(Captioned web image data)
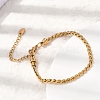304 Stainless Steel Link Chain Bracelets for Women BJEW-A158-02D-G-3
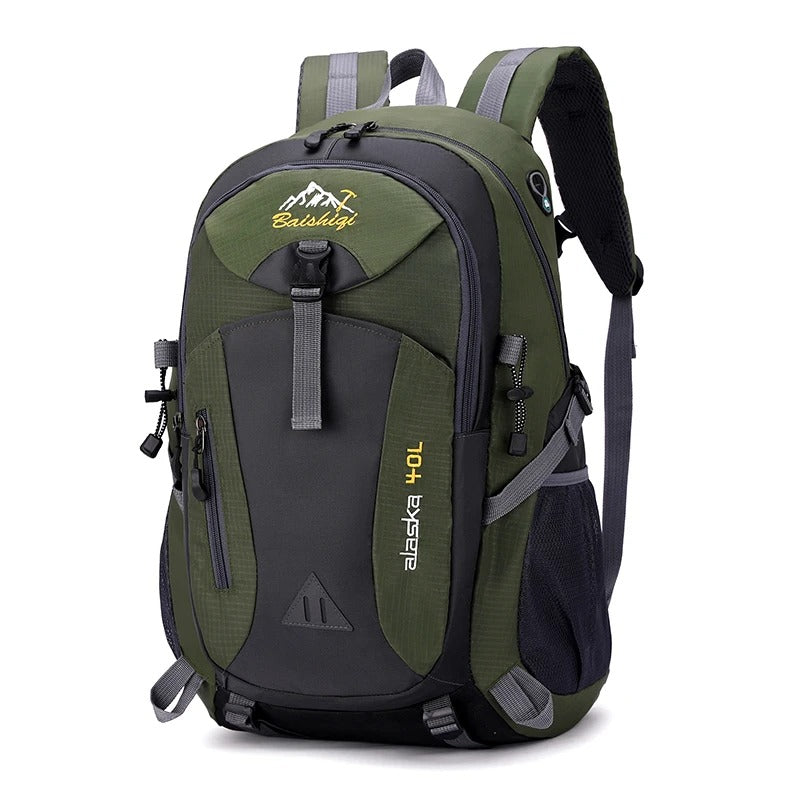 Mochila de Senderismo 40L con USB y Diseño Impermeable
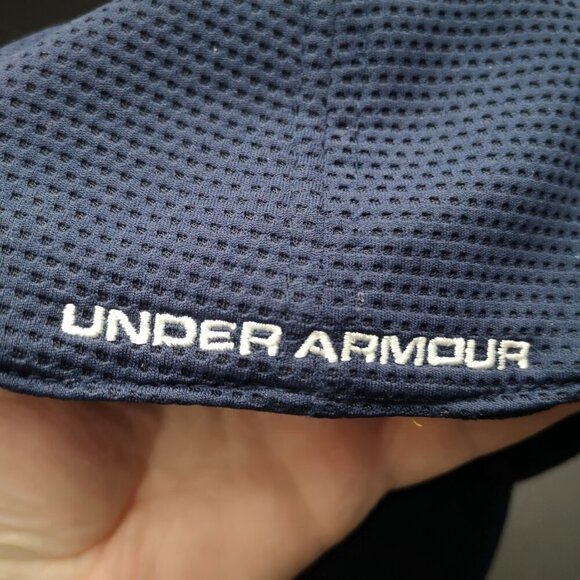 Under Armour Men's Size Large/XL Navy with White Baseball Hat - Picture 2 of 5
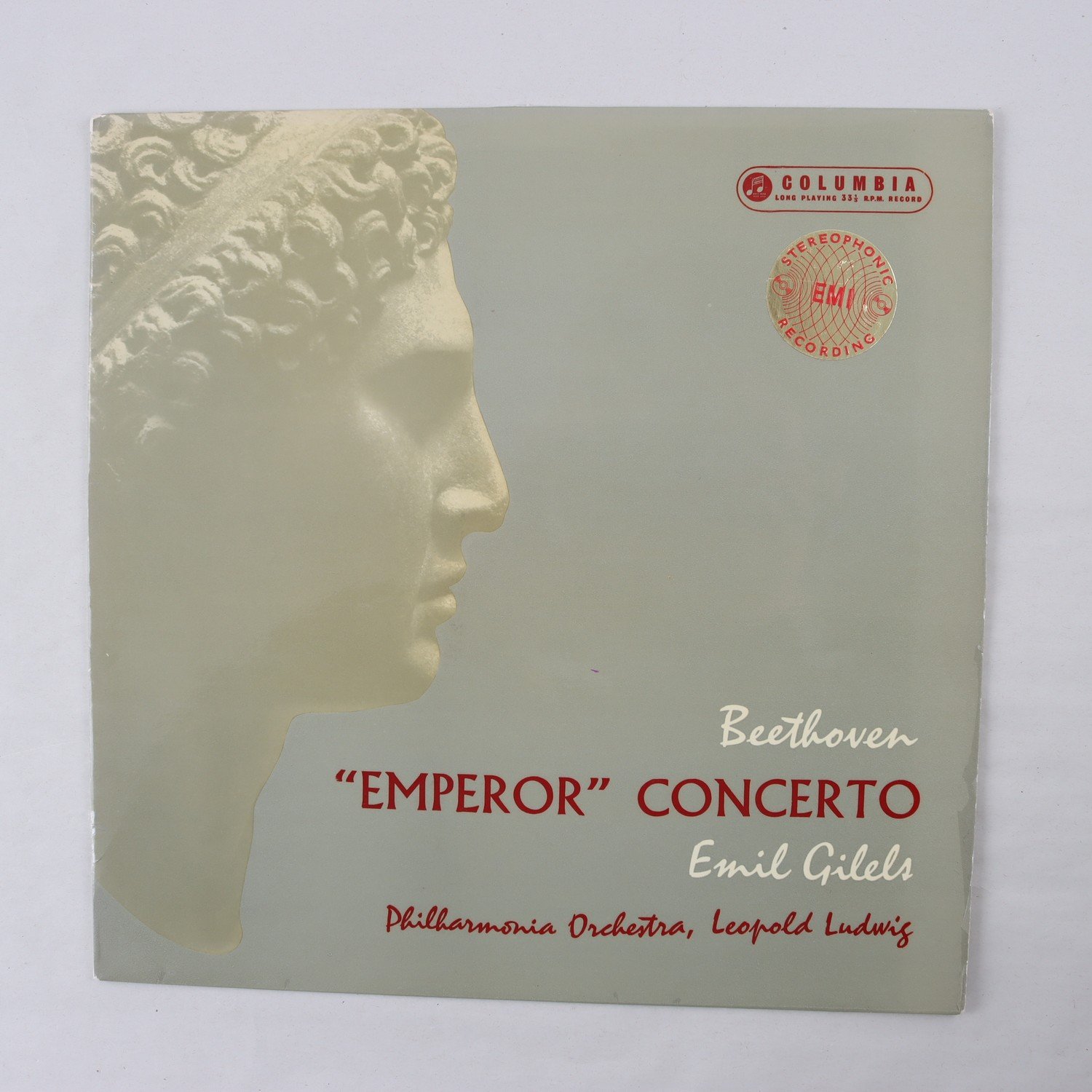 LP Beethoven, Emil Gilels, Philharmonia Orchestra, ”Emperor” Concerto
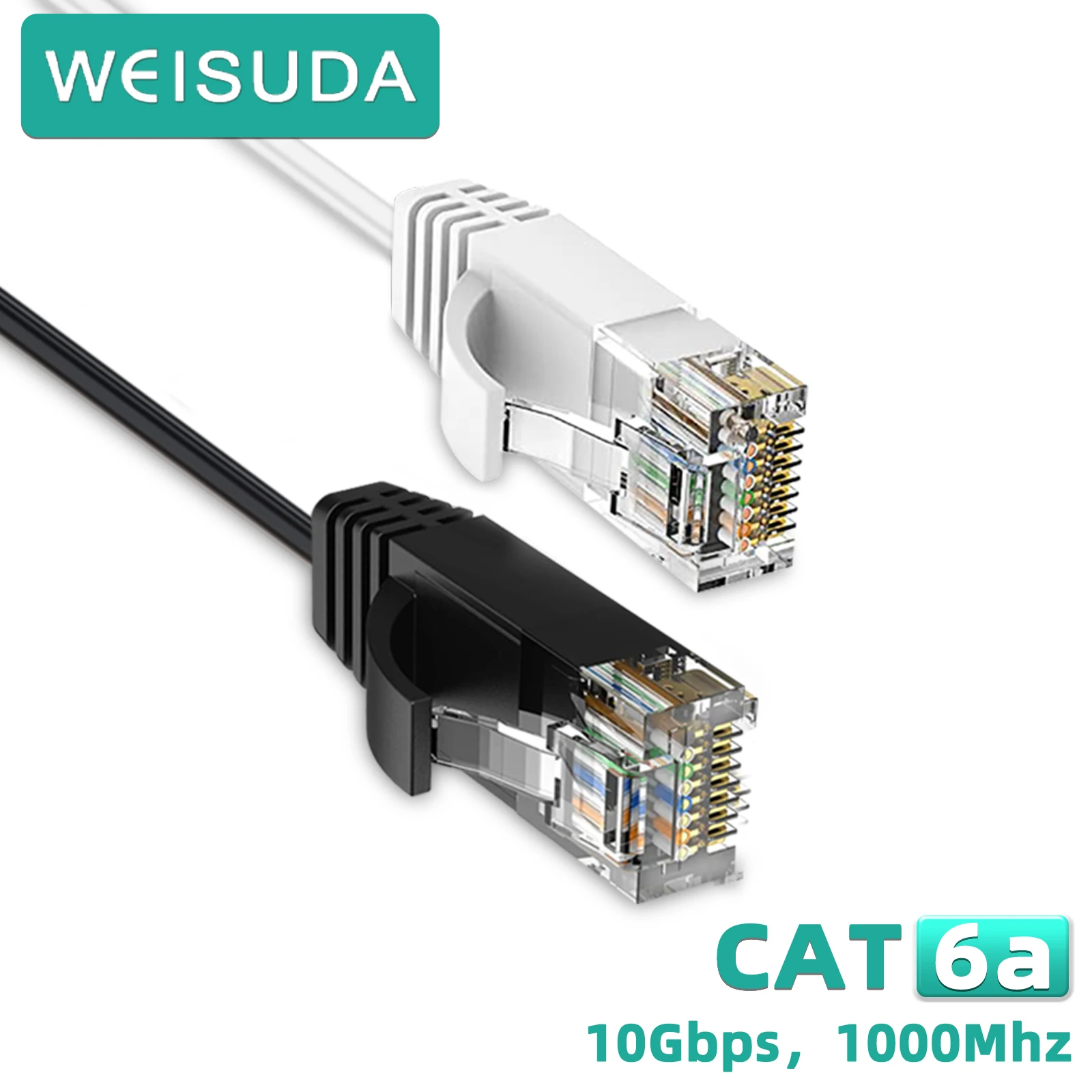 High-Speed Shielded CAT6a Ethernet Cable with 100% Pure Copper for Ultimate Connectivity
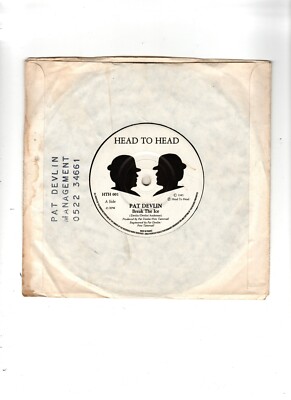 PAT DEVLIN - BREAK THE ICE / SAME (INSTR). UK 1985 ORIG 7'' & RARE CO/SLEEVE. EX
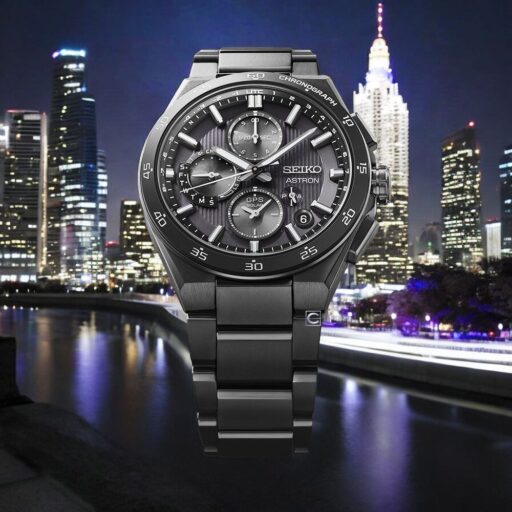 SEIKO精工 錶 Astron GPS衛星錶 太陽能錶 鈦金屬錶 手錶 男錶-5X83-0AA0SDSSH155J1-SK043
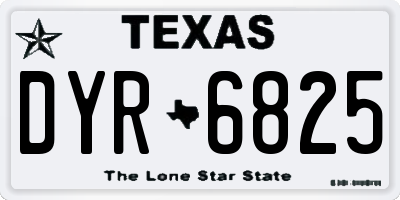TX license plate DYR6825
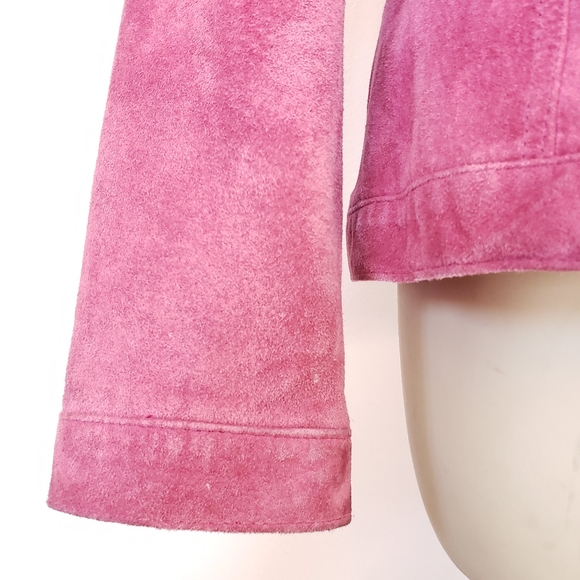 Pink Suede Jacket - Picture 9 of 12
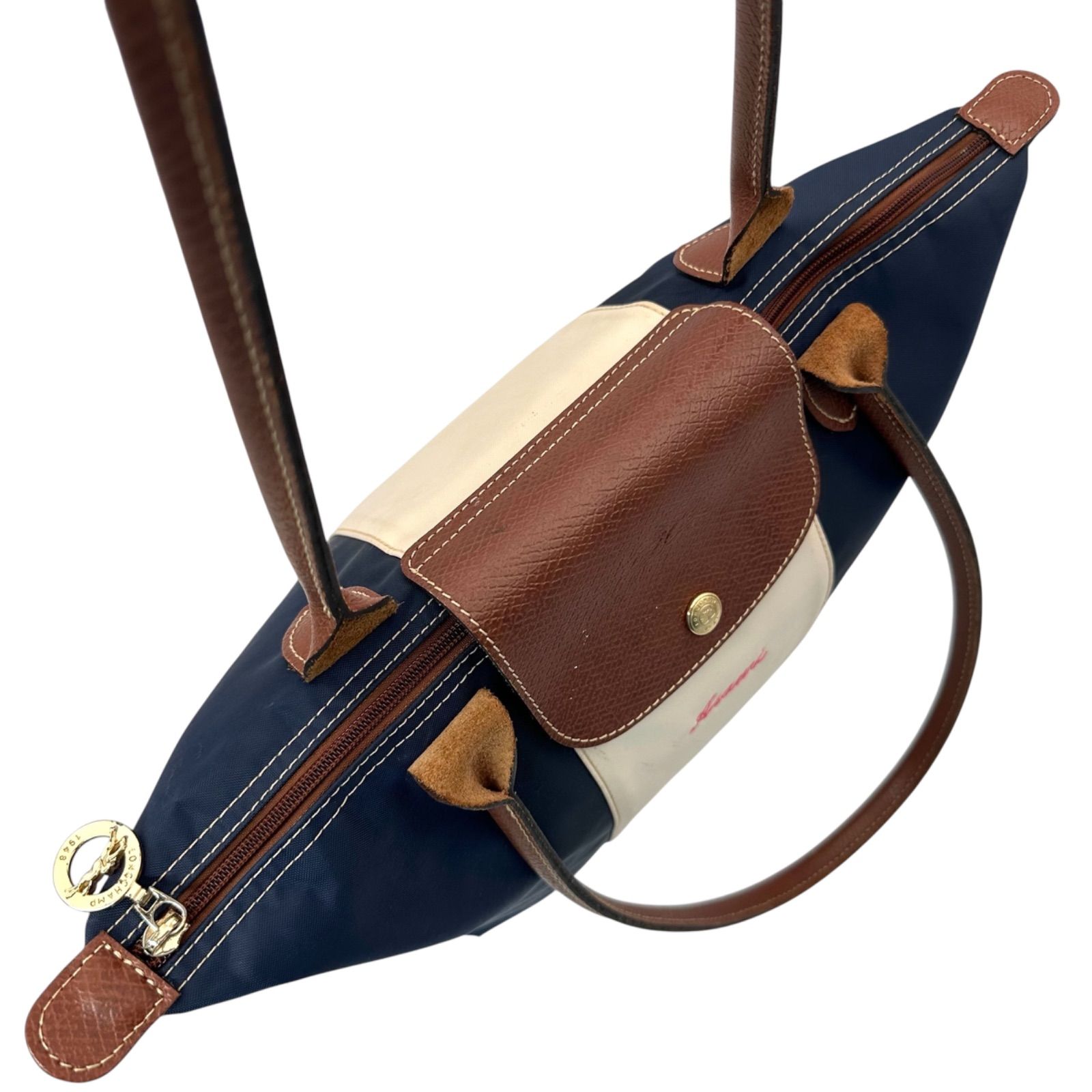 B5804】 Longchamp ロンシャン ルプリアージュ トートバッグ ネイビー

EXERCISE DIRECTIONS: Copy exactly the lines from the line that contains "Under Armour Men's" through the last line of the records above, both ends included, but leave out the pictures.

RESULT OF THIS TASK:
 Under Armour Men's Size Large/XL Navy with White Baseball Hat - Picture 2 of 5
 LP Beethoven, Emil Gilels, Philharmonia Orchestra, ”Emperor” Concerto
 High-Speed Shielded CAT6a Ethernet Cable with 100% Pure Copper for Ultimate Connectivity
 PAT DEVLIN - BREAK THE ICE / SAME (INSTR). UK 1985 ORIG 7'' & RARE CO/SLEEVE. EX
 SEIKO精工 錶 Astron GPS衛星錶 太陽能錶 鈦金屬錶 手錶 男錶-5X83-0AA0SDSSH155J1-SK043
TX license plate DYR6825
 Pink Suede Jacket - Picture 9 of 12
 B5804】 Longchamp ロンシャン ルプリアージュ トートバッグ ネイビー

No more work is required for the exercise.